Audiobus: Use your music apps together.

What is Audiobus?Audiobus is an award-winning music app for iPhone and iPad which lets you use your other music apps together. Chain effects on your favourite synth, run the output of apps or Audio Units into an app like GarageBand or Loopy, or select a different audio interface output for each app. Route MIDI between apps — drive a synth from a MIDI sequencer, or add an arpeggiator to your MIDI keyboard — or sync with your external MIDI gear. And control your entire setup from a MIDI controller.

Download on the App Store

Audiobus is the app that makes the rest of your setup better.

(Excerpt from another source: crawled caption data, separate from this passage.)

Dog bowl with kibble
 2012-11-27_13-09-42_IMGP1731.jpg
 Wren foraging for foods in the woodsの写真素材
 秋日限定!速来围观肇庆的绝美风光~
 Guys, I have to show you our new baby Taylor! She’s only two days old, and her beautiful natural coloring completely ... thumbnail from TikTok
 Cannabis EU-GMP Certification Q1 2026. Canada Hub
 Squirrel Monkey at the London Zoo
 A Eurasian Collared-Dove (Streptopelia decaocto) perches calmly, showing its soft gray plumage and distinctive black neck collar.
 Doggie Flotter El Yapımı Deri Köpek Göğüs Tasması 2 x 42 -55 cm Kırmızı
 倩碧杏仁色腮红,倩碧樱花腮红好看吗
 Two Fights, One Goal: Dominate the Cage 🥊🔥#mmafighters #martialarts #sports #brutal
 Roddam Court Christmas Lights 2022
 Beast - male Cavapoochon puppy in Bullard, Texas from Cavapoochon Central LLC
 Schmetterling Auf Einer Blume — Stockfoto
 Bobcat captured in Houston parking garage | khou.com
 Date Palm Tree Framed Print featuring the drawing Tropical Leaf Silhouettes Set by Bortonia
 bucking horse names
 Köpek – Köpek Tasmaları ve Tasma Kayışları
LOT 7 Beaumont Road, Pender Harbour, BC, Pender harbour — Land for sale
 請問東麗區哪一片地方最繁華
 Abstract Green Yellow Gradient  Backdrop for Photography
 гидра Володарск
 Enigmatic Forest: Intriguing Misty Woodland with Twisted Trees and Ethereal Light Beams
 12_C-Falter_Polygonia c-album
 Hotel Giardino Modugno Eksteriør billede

Cheap and cheerful noisemakers?

Thinking household items, modified kitchenware etc

All suggestions welcome!

Comments

  • Glass and plastic bottles

    Put rice or dried pulses in them to make shakers

    Chopsticks on the side of woks or sauce pans

    Microwaves with a mechanical timer
    or an egg timer come to think of it

    Spoons obviously

    I once made a kick drum from playing the
    side of a very large empty plastic container

    Scrunch paper

    Blow raspberries through paper tubes
    makes for unusual horn sounds.

    Layering them creates very interesting textures.

  • Chopsticks, Big Container and Raspberries added to the list, thanks very much!

    I use paper a lot here, a wide sonic range depending on technique.

  • @BlueGreenSpiral said:
    Chopsticks, Big Container and Raspberries added to the list, thanks very much!

    I use paper a lot here, a wide sonic range depending on technique.

    Not real raspberries that'll make a right mess. ;)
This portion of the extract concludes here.